W spektaklu Brodzik wciela się w Di, opisywaną jako lesbijkę i amatorkę boksu. Partnerująca jej na scenie Małgorzata Lipman gra Viv, studentkę socjologii, zaś Widawska odegra postać Rose, singielkę zainteresowaną modą.
– Chcieliśmy, żeby Di dawała sygnał, że jest osobą, która może się obronić. Ona jest bardzo doświadczona przez los, co potem rzutuje na resztę jej życia. Pomyśleliśmy, że na scenie dobrze będzie wyglądał boks. Kiedy znalazłam sobie trenera, okazało się, że aby trenować, trzeba mieć kondycję, której ja nie mam. Po dwóch minutach padałam na twarz. Dzięki Di nie tylko dowiedziałam się, jakie dziewczyny by mi się podobały, ale też mam nowe mięśnie – mówi agencji informacyjnej Newseria Lifestyle Joanna Brodzik.

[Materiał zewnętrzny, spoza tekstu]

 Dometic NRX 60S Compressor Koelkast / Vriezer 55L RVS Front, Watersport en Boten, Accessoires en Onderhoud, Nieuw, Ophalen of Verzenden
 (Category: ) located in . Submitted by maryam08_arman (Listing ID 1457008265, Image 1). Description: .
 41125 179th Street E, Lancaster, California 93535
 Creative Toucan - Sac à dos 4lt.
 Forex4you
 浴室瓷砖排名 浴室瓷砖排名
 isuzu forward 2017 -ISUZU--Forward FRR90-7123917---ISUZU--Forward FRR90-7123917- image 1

Intensywne treningi sprawiły, że Brodzik na poważnie zainteresowała się boksem. Aktorka często wykorzystuje doświadczenie zdobyte na planach seriali lub filmów w prywatnym życiu.

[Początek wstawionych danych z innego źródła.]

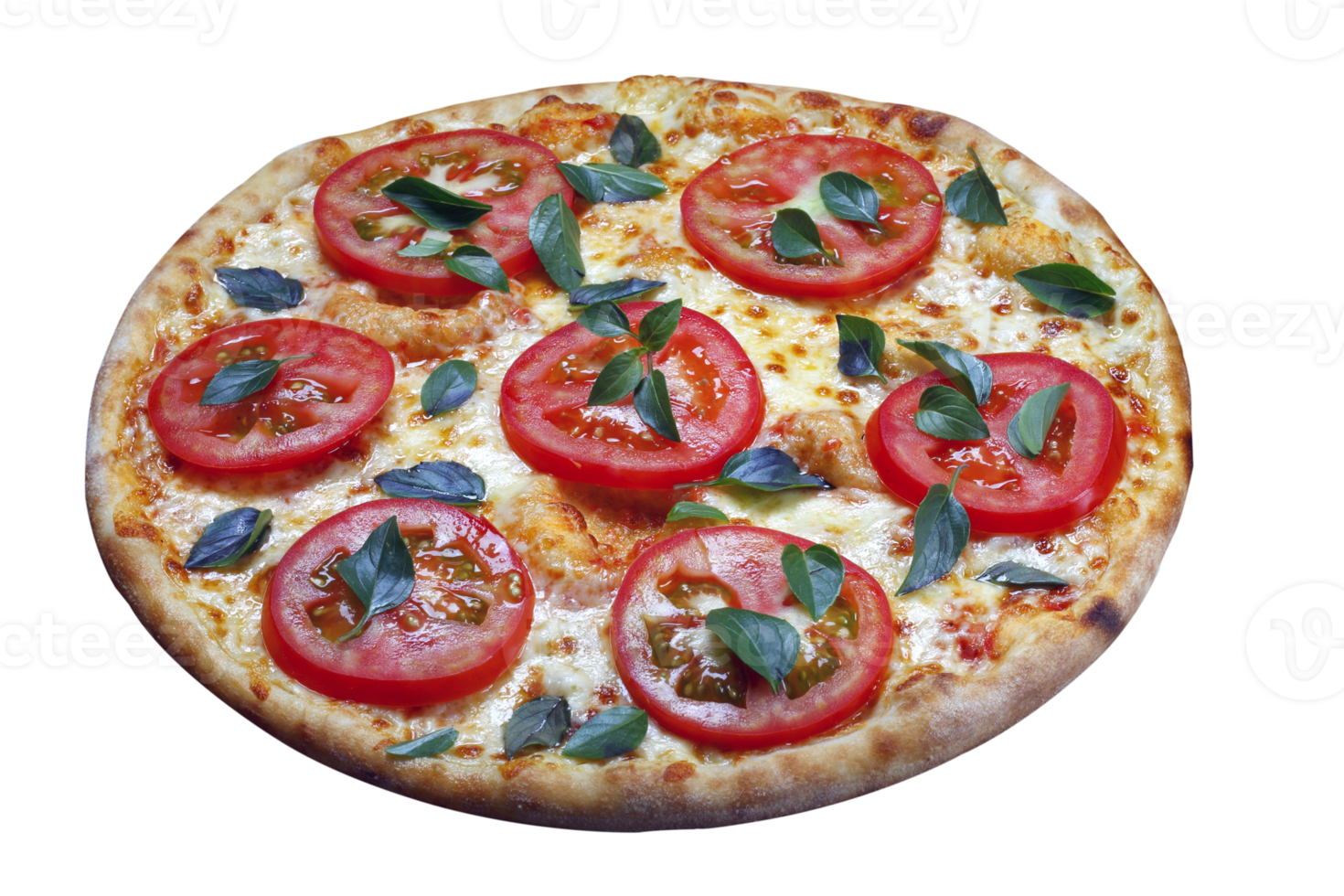 Pizza italiano cibo png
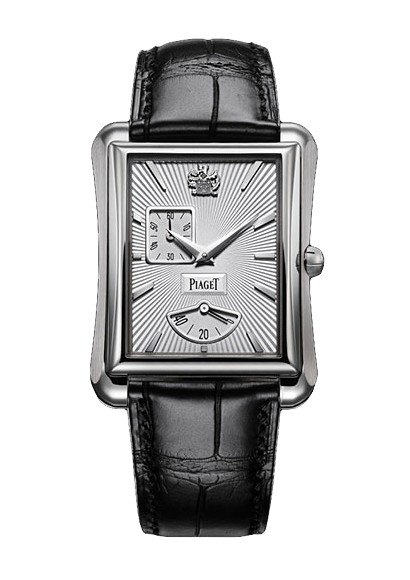 Piaget emperador best sale prezzo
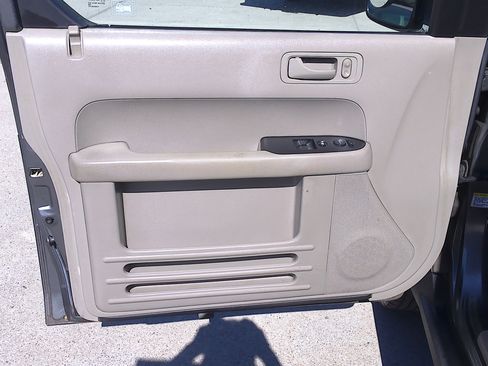 Used 2011 Honda Element LX image 9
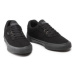 Etnies Sneakersy Joslin Vulc 4101000534 Čierna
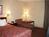 Holiday Inn Hopkinsville from Orbitz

– Po Kasi z „Kasi i Tomka” jestem nadal blondynką, po Magdzie z „Magdy M.” nie mam właściwie żadnego problemu z czytaniem moich kontraktów i zaginaniem prawników, bo podszkoliłam się, grając panią adwokat. Natomiast jeżeli chodzi o Di, to umiem boksować i mam kondycje, której nigdy nie miałam. Nie spodziewałam się, że w 42. roku życia będą jarały mnie moje własne mięśnie. Więc jest ekstra, jest w porządku – mówi aktorka, która w tym roku świętuje 20-lecie swojej pracy artystycznej.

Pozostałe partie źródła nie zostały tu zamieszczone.